However, [1] is a public domain yacc, so implying that flex and bison are free contrary to yacc is in my opinion not accurate. — Preceding unsigned comment added by Ngzero (talk • contribs) 12:00, 20 April 2018 (UTC)
- In my opinion [Berkeley_Yacc] could be mentioned and yacc be stated explicitly as the original 'yacc'? Then again it could be clear that yacc means just the original yacc if you read it twice.
- Ngzero (talk) 12:09, 20 April 2018 (UTC)
Section on Software
[edit]The software section in this article was removed some time ago by consensus, which was a good decision because there is already a link to separate Wikipedia page with a list of implementations and sufficient details. It seems it is put back (?) with some rather specific examples instead of trying to be generic. Worse (in my opinion), there are claims in that section such as "Lex is too complex and inefficient" that clearly do not belong there. I will remove this section unless someone has a strong argument why it should be included. — Preceding unsigned comment added by Robert van Engelen (talk • contribs) 13:24, 29 April 2021 (UTC)
tokenizing editors
[edit]Is there a Wikipedia article that discusses the kind of tokenization used many BASIC dialects?

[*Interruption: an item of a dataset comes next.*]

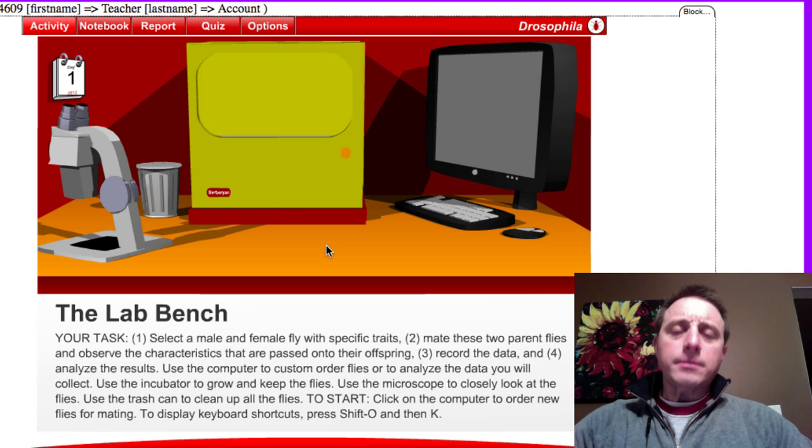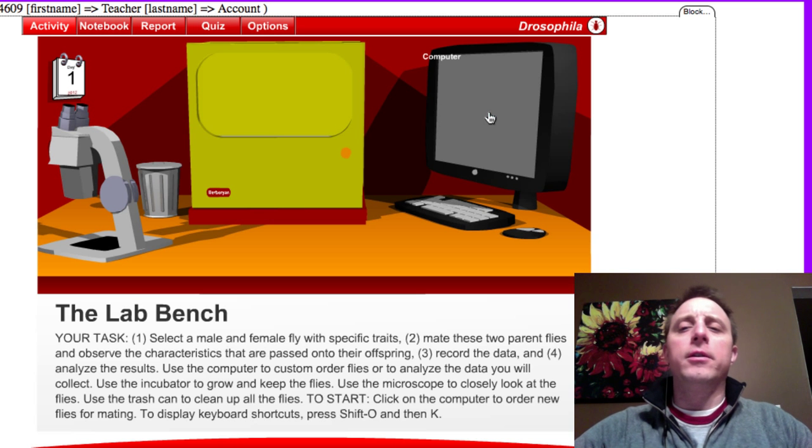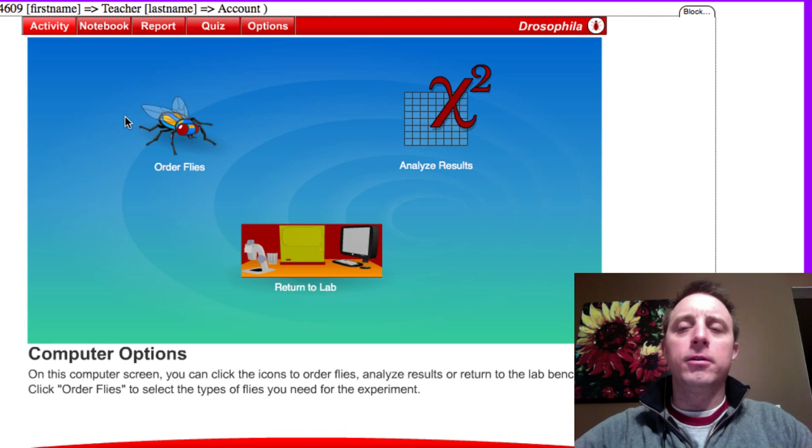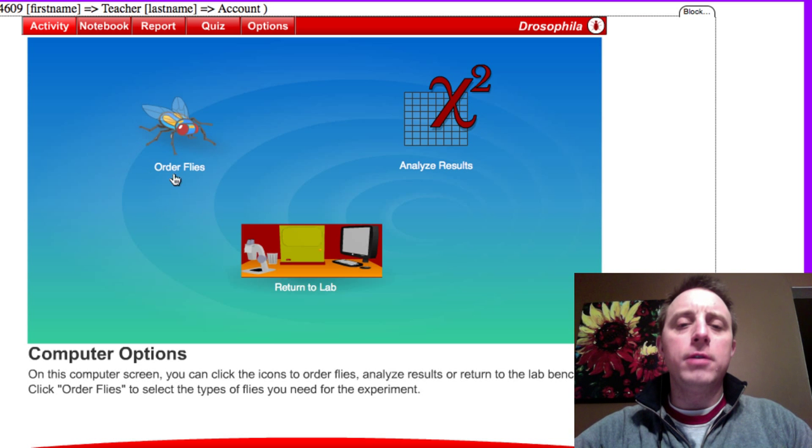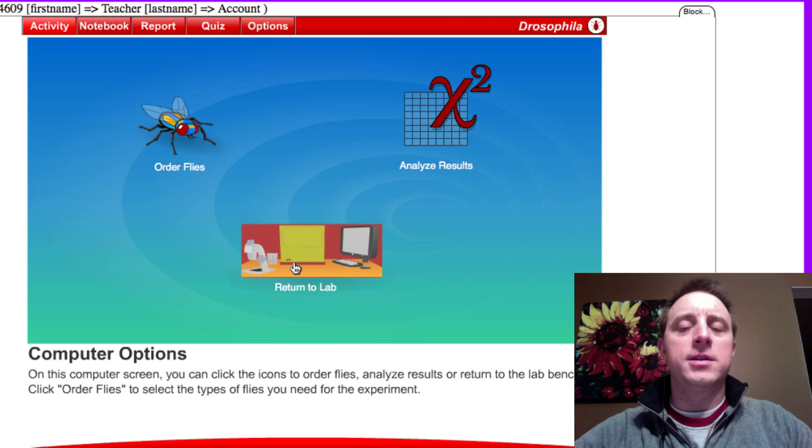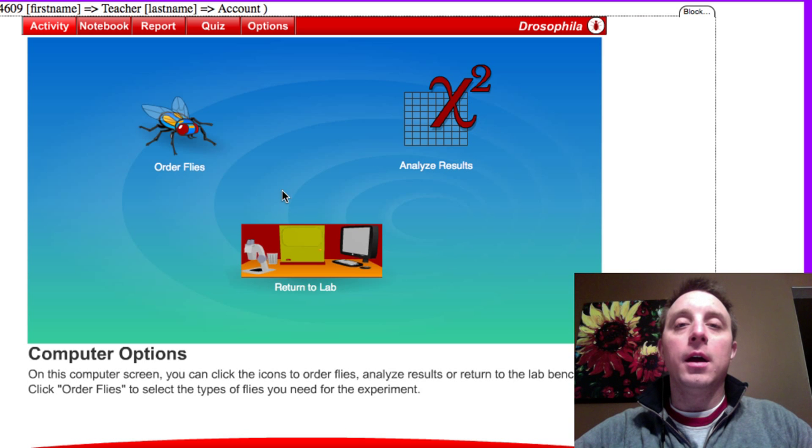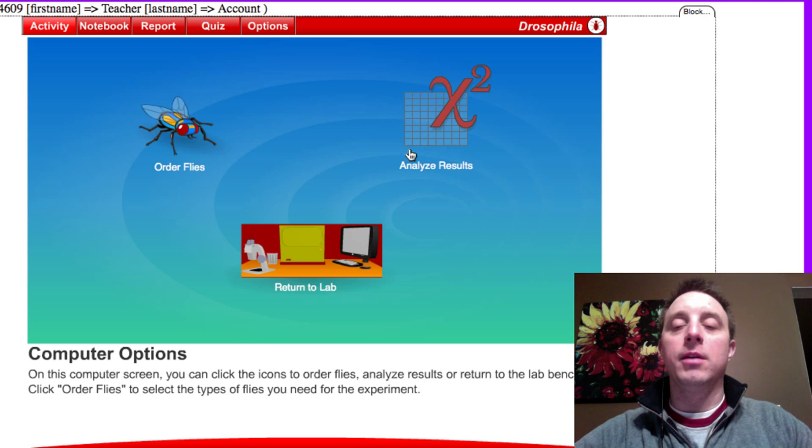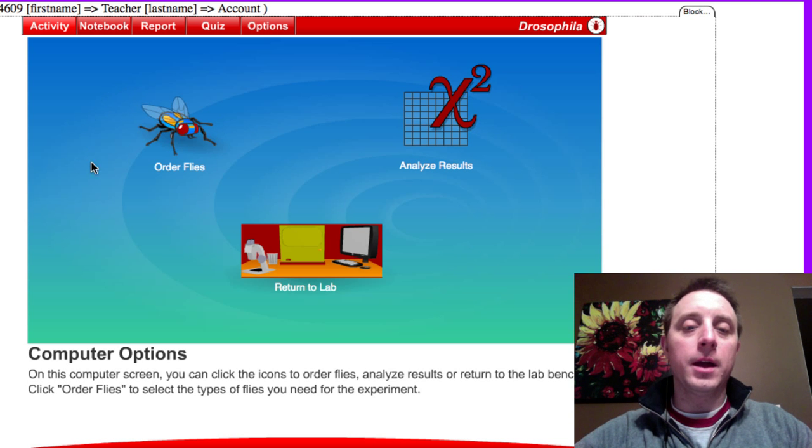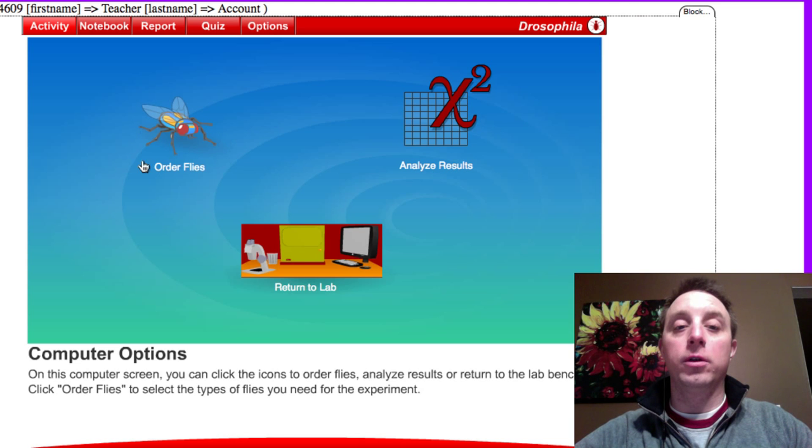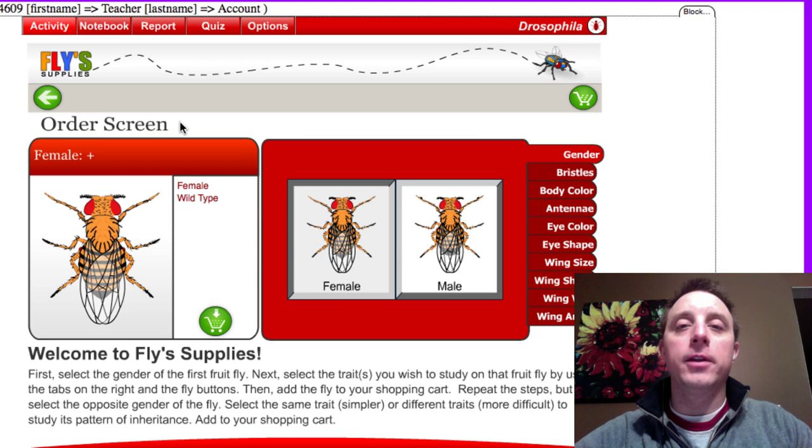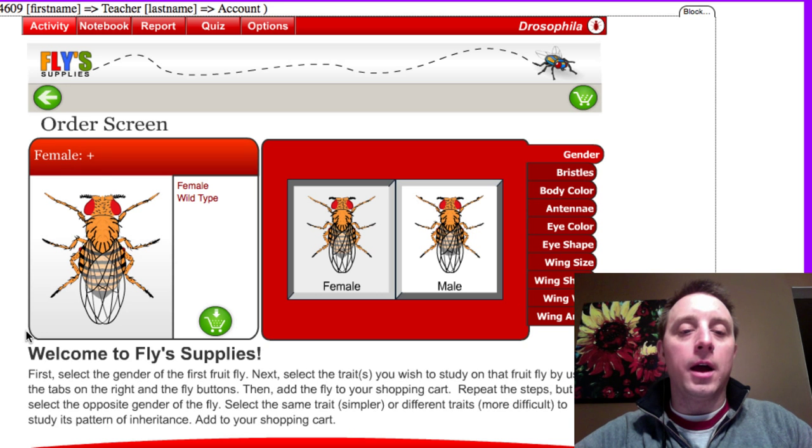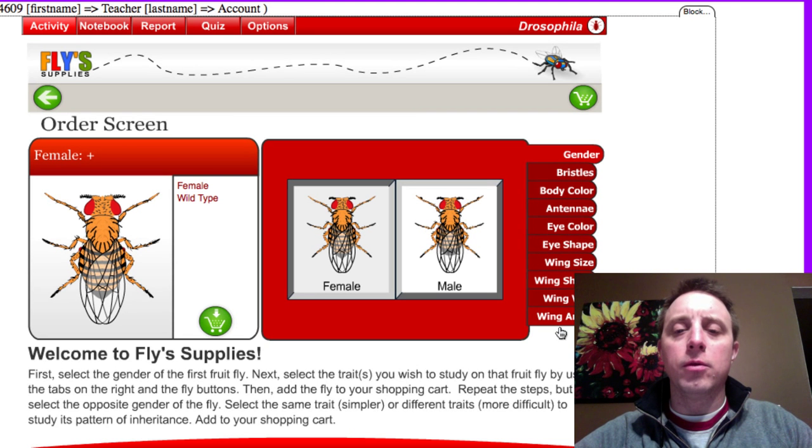First thing you'll need to do is go over to the computer and click on it. That will take you to this screen, the computer screen, with a few options here. This one just takes you back to the main lab screen, and the analyze results after you start generating some interesting data. First thing we need to do obviously is order some flies, so click there and that takes us to the order screen.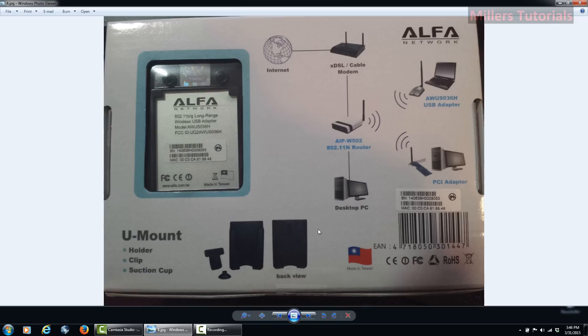In this package, it comes with the holder and the clip with the suction cup also. So you don't have to buy that separate, so that's great.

My understanding is:
- (a) When typing in lines of a program or loading a program from disk/cassette, common keywords such as "PRINT", "IF(" (including the opening parenthesis), "GOSUB", etc. are recognized and stored as a single byte or two in RAM, some or all spaces were discarded, line numbers and internal decimal numbers are converted to internal binary format(s), etc.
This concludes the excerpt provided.